Eve girdiler. Özgür mutfaktan içecek bir şeyler almaya gittiğinde Şebnem’in ayakları, onu anne ve babasının odasına götürdü. Arkasından Özgür geldi ve Şebnem ona:

- Neden her tarafı değiştirdin de bu odayı böyle eski haliyle bıraktın, diye sordu.
- Bu odayı nasıl hatırlıyorsun, diye sorusuna soruyla karşılık verdi Özgür.
- Annem ve babam, burada yatarlardı işte, karşı oda benimdi ve gecenin bir saatinde mutlaka uyanıp aralarına gelirdim. Sabahları ikisi de beni mıncıklayarak uyandırırlardı.
- Bu odaya dair hiç kötü anın yok mu?
- Nasıl yani, ne demek istiyorsun?
- 12-13 yaşlarındaki bir çocuğun bu odaya girdiğini hatırlıyor musun?

Şebnem hafızasını zorlamıştı. Hayal meyal şeyler geliyordu gözünün önüne. Hayretler içinde donakalmıştı.

- Ama ama sen nerden biliyorsun bunları?
- Hatırladınız değil mi Şebnem Hanım!
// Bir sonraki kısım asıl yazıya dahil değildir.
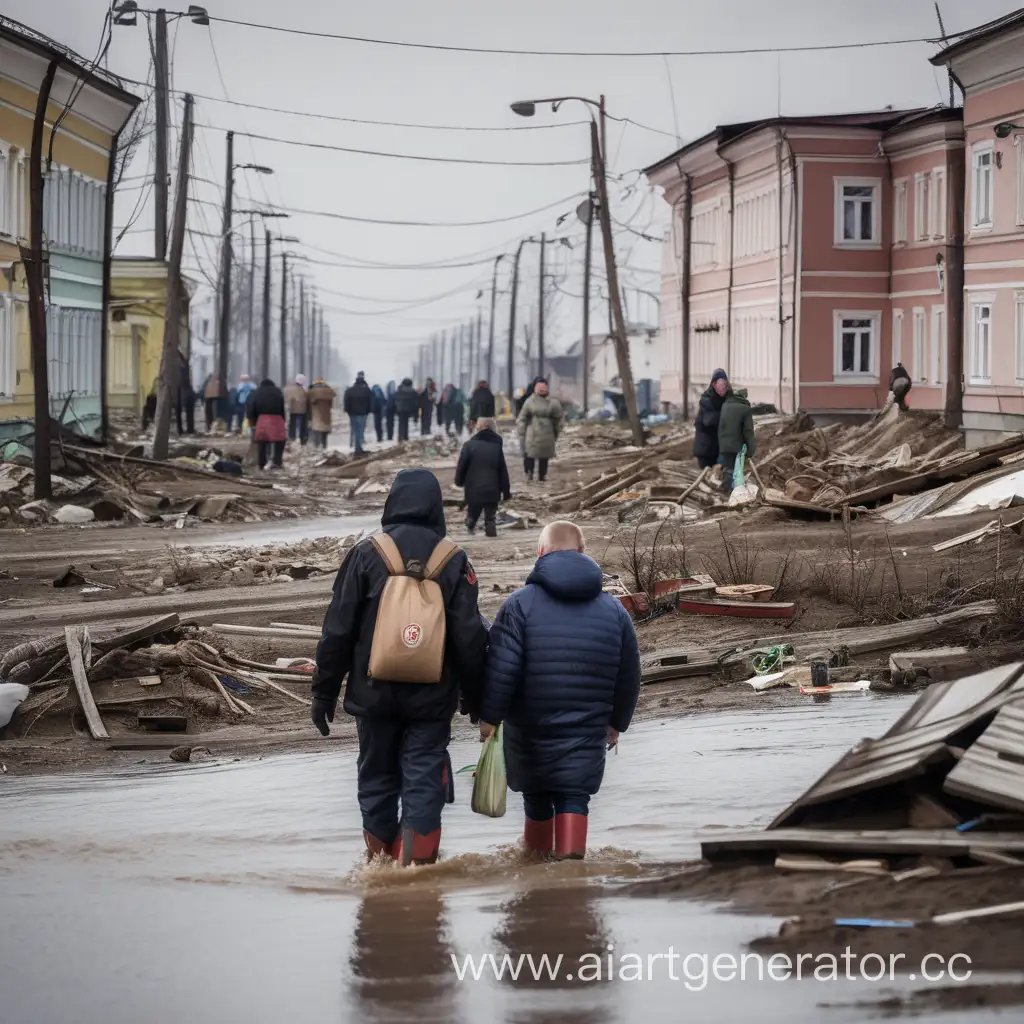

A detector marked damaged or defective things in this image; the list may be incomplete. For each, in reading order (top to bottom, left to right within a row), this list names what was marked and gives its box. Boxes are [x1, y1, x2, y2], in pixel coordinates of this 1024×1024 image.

broken wooden plank [65, 618, 108, 741]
Çocuk yaşlarındaki bir delikanlının odaya niçin girdiğini sorgulamadan ortalığı velveleye verdiğinizi, bu davranışınızla tüm aileyi buraya topladığınızı, hepsini yanlış anlamaya yönlendirip çocuğu yaftaladığınızı, babasını karaladığınızı, bunun babasının ölümüne sebep olduğunu, çocuğun hayatını zehrettiğinizi hatırladınız değil mi? Artık sesi yüksek çıkıyordu Özgür’ün.
- Ama ama ben çok küçüktüm, sonuçlarını tahmin edemezdim.
- Hiç mi aklına gelmedi, hiç mi düşünmedin şimdiye kadar?
- Dedim ya çok küçüktüm, pek çok şeyi şimdi sen söyleyince hatırladım, ailem o günden sonra bu konuyla ilgili bir şey konuşmadılar, unutulup gitti her şey..
- Ailen evet, şımarık bir kızın her dediğine inanıp masum insanların hayatını karartan ailen, delikanlılığı dayak atmak zanneden ağabeylerin, babamın ölümüne sebep olan gaddar insanlar!
- Sen, sen.. yoksa sen..o musun?

Kekeliyordu Şebnem, eli ayağı titriyordu, gözleri dolmuştu ve ne yapacağını bilmiyordu..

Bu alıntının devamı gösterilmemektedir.